### [Goal of the exercise]
Retype each line exactly as it stands, beginning at the first line of the material and finishing with the line that contains "Gallery image thumbnail".

### [Information supplied]
* * * * *
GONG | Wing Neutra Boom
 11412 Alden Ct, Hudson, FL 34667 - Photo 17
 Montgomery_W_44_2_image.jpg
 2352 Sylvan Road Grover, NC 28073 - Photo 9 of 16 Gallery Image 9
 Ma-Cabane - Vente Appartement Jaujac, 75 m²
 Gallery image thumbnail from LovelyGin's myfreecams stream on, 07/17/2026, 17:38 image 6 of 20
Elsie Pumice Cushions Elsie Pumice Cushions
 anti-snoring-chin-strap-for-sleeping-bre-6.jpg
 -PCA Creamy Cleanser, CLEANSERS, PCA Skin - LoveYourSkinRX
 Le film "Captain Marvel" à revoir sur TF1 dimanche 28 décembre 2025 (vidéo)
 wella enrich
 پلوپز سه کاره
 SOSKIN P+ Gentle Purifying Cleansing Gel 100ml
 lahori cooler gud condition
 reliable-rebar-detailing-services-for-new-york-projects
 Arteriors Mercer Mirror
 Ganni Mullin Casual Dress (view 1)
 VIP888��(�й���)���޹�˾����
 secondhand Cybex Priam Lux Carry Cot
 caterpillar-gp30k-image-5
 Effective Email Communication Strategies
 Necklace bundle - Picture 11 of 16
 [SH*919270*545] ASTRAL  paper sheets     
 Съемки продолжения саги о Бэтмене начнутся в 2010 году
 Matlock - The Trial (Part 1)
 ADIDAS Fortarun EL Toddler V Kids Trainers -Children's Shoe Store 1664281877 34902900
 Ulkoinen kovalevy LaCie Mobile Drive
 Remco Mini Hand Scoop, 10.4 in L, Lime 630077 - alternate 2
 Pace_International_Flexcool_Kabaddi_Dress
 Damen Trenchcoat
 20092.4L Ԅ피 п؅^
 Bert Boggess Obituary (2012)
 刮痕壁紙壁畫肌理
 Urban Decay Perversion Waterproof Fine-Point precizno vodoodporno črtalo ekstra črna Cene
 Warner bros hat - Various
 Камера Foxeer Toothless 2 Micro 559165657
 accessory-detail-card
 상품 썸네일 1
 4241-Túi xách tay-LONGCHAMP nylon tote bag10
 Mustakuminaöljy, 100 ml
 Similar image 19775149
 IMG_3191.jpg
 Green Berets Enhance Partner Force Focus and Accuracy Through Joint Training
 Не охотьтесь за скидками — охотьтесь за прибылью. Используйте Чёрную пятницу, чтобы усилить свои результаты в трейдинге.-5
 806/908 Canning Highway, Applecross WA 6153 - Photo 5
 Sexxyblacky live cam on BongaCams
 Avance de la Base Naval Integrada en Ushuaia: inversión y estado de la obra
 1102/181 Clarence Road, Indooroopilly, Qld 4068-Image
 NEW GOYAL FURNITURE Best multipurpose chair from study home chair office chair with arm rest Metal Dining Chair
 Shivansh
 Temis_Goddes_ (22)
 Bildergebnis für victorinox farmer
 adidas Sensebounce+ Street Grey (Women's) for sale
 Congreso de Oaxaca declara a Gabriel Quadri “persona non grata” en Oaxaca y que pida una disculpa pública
* * * * *
### [Task result]
GONG | Wing Neutra Boom
 11412 Alden Ct, Hudson, FL 34667 - Photo 17
 Montgomery_W_44_2_image.jpg
 2352 Sylvan Road Grover, NC 28073 - Photo 9 of 16 Gallery Image 9
 Ma-Cabane - Vente Appartement Jaujac, 75 m²
 Gallery image thumbnail from LovelyGin's myfreecams stream on, 07/17/2026, 17:38 image 6 of 20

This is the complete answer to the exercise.